**Exercise prompt**
Your copy should begin with the line containing "8/6mm Brushed Brown", end with the line containing "Ergonomic Racing Gaming", match the listing below exactly, and contain no pictures.

**Dataset records**
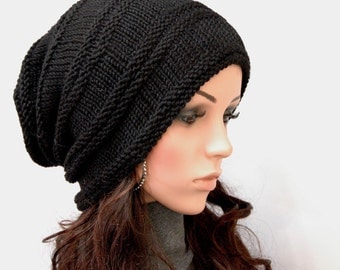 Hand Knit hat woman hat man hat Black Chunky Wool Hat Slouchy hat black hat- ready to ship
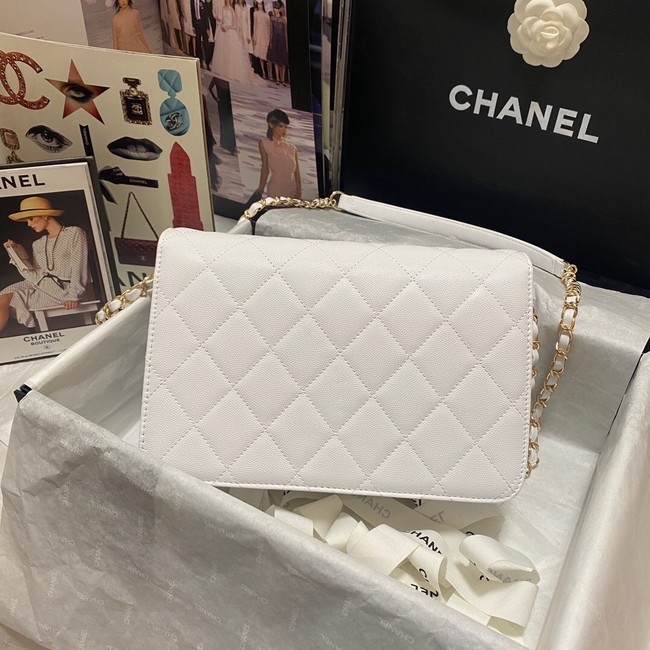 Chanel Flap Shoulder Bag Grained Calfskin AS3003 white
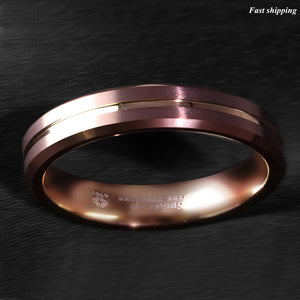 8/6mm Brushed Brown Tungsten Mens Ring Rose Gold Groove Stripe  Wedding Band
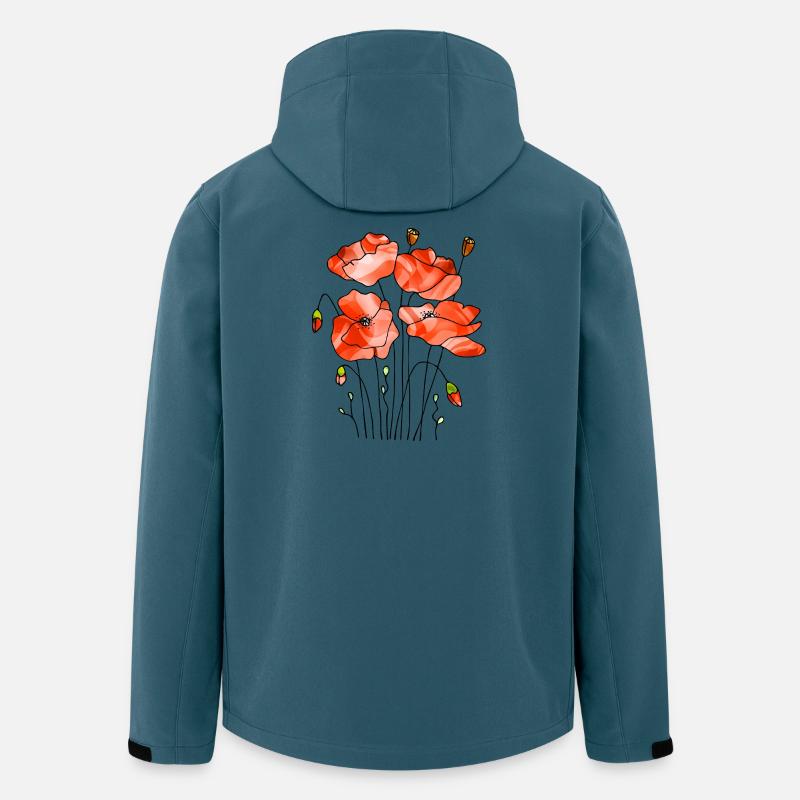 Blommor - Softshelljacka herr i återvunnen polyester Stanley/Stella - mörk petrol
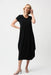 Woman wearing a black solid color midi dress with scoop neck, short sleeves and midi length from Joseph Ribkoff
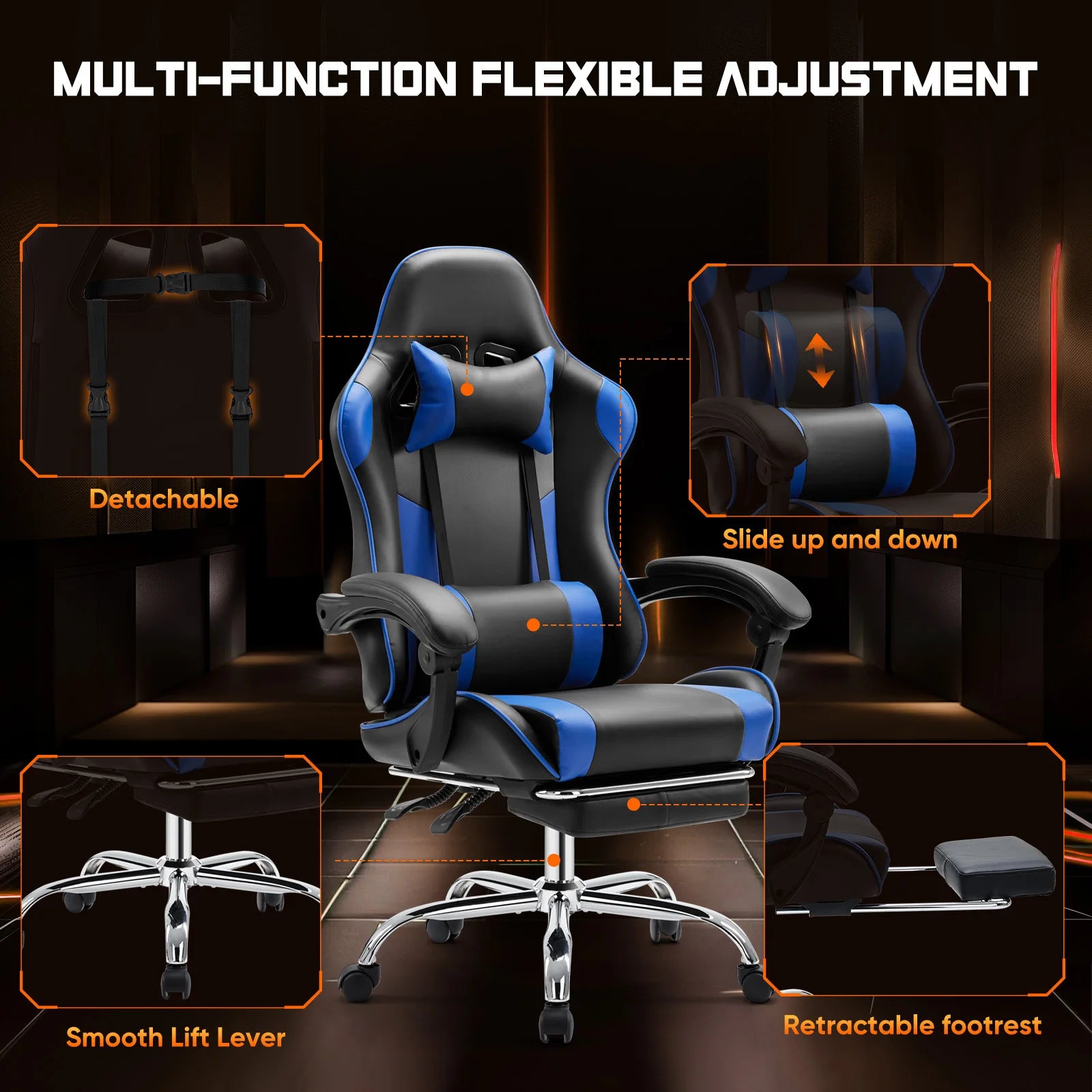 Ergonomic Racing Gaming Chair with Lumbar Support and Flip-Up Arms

==

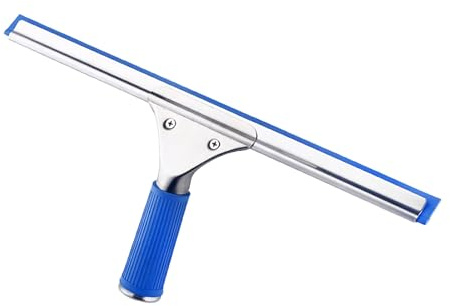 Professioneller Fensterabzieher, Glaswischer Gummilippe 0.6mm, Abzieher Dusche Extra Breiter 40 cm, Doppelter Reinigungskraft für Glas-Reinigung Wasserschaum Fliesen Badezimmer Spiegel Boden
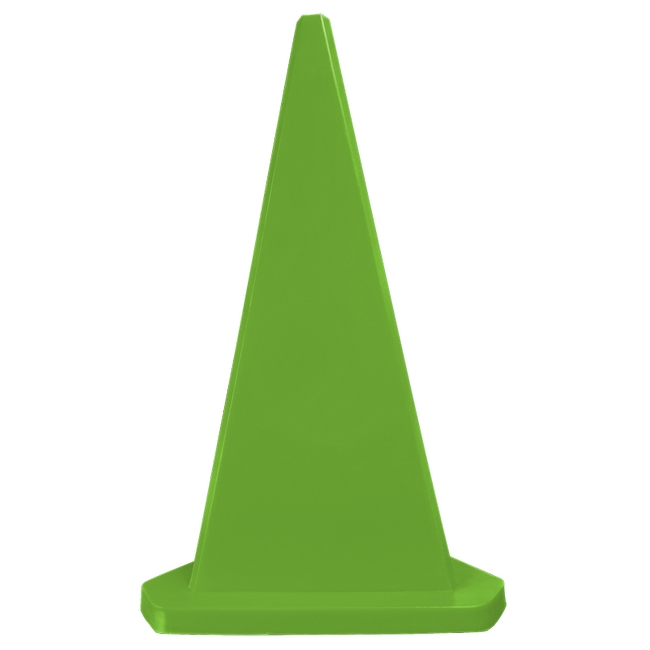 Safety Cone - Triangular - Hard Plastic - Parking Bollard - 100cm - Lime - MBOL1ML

**Reply to the task**
 8/6mm Brushed Brown Tungsten Mens Ring Rose Gold Groove Stripe  Wedding Band
 Blommor - Softshelljacka herr i återvunnen polyester Stanley/Stella - mörk petrol
 Woman wearing a black solid color midi dress with scoop neck, short sleeves and midi length from Joseph Ribkoff
 Ergonomic Racing Gaming Chair with Lumbar Support and Flip-Up Arms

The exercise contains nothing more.